The Battle of Río Salado, also known as the Battle of Tarifa, was a battle between the armies of King Alfonso XI of Castile and King Afonso IV of Portugal against Sultan Abu al-Hasan 'Ali of the Marinid dynasty and Yusuf I of Nazari Granada. The Rio Salado is a tributary of the Rio Jara, north of Tarifa.

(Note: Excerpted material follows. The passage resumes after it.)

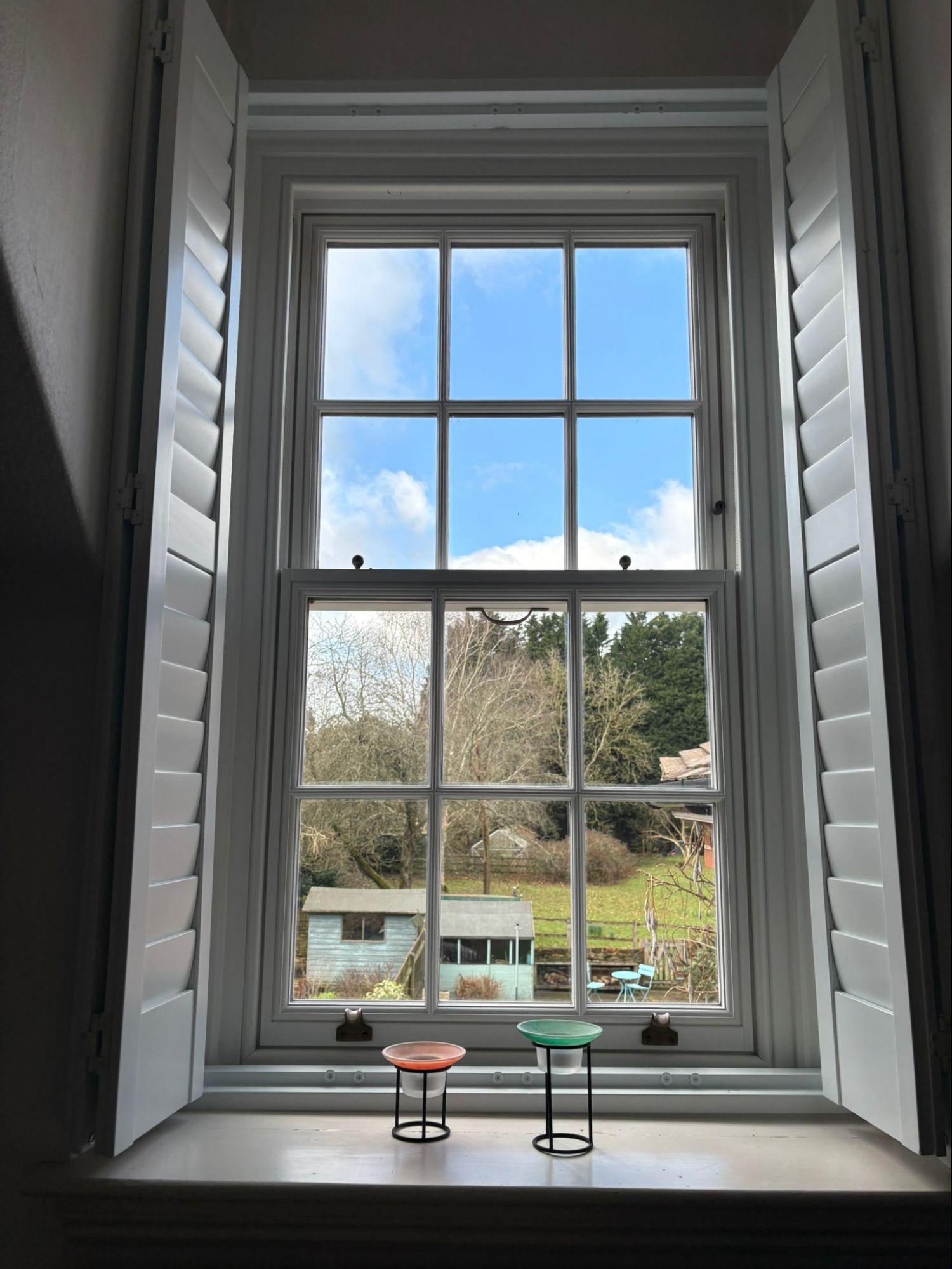 white timber window sliding sash window inside with white shutters looking out to blue skies and garden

The allied Castilians and Portuguese pursued the Muslims ruthlessly, chasing them to the river Guadamecí, 6 km from the battlefield, although many remained in the hills and plundered the Sultan's camp. Little mercy was shown here, and many of the Sultan's women were killed. Both Abu Hasan and Yusuf reached Algeciras; the Sultan took refuge in Gibraltar and crossed to Ceuta in a galley that night. The Marinids had suffered a decisive defeat and returned to Africa.

Siege of Algiciras

Never again would a Muslim army be able to invade the Iberian Peninsula. Control of the Straits of Gibraltar was now in the hands of the Christians, specifically the Castilians and the Genoese. The war with the Nazarids of Granada continued for another ten years, during which Alfonso XI made some small territorial gains on the western frontier. Most importantly, the city of Algeciras, a valuable bridgehead held by the Marinids, was finally retaken in 1344 after a two-year siege.

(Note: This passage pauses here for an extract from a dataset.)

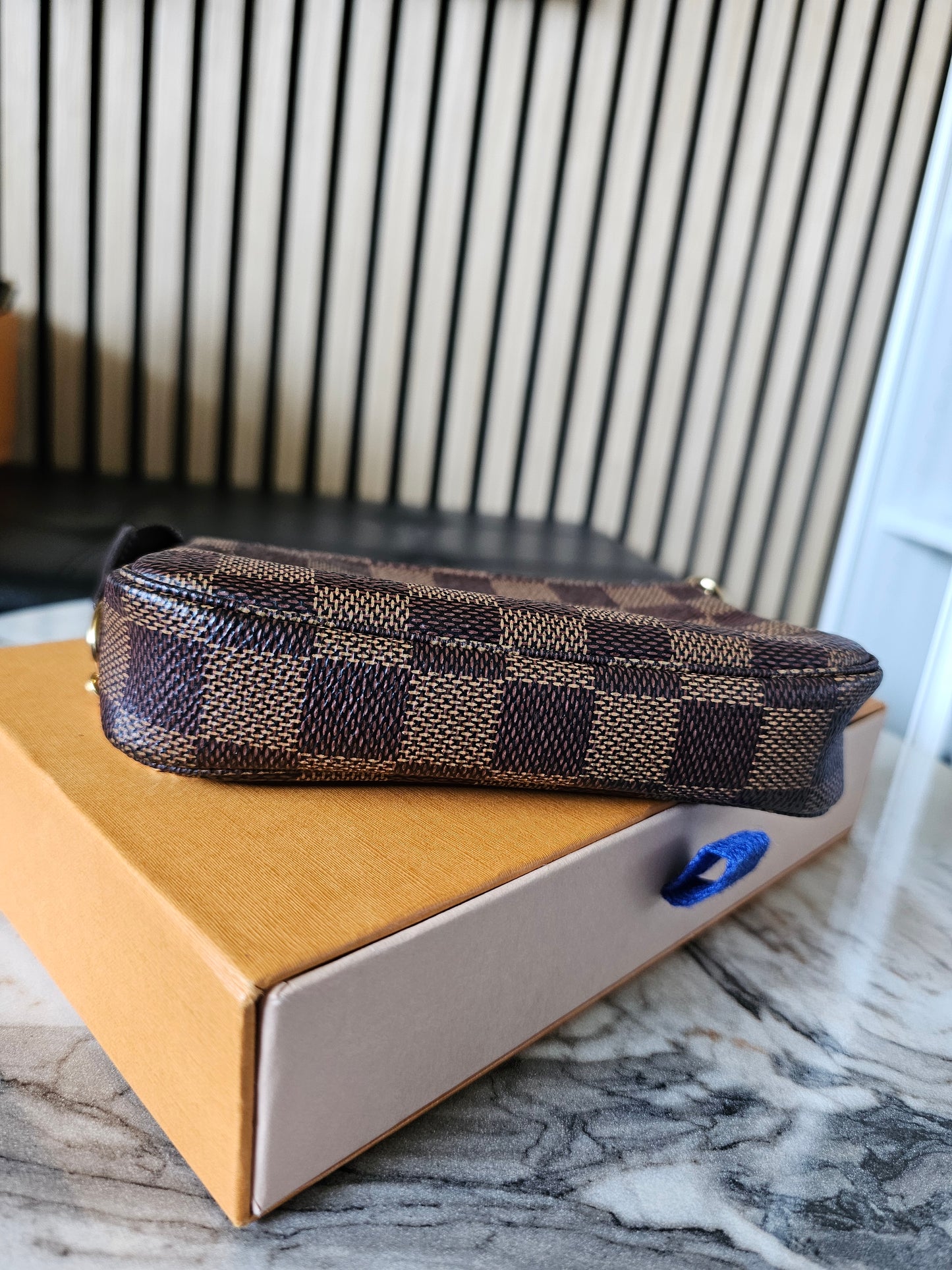 Louis Vuitton - mini pochette Acc. Damier ebene.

The siege was widely publicised and attracted volunteers from all over Europe. An attempt to retake Gibraltar from the King of Granada was thwarted, but Castile was content to isolate the citadel from the rest of the Muslim territory when peace was agreed in 1350, following the death of Alfonso XI in his camp during the Great Plague. Gibraltar was not conquered until 1492.

Kingdom of Cordoba, Kingdom of Jaen, Kingdom of Sevilla and Kingdom of Granada.

The territories captured by the Crown of Castile during the latter part of the Reconquista became known as the Kingdoms of Andalucía (Reinos de Andalucía). These were delineated in line with the former Moorish 'taifas', and comprised the Kingdoms of Cordoba (1236), Jaen (1246), Sevilla (1248) and later Granada (1492). The Kingdoms remained for administration until the post French reorganisation of Spain in 1833 when the present provinces were created.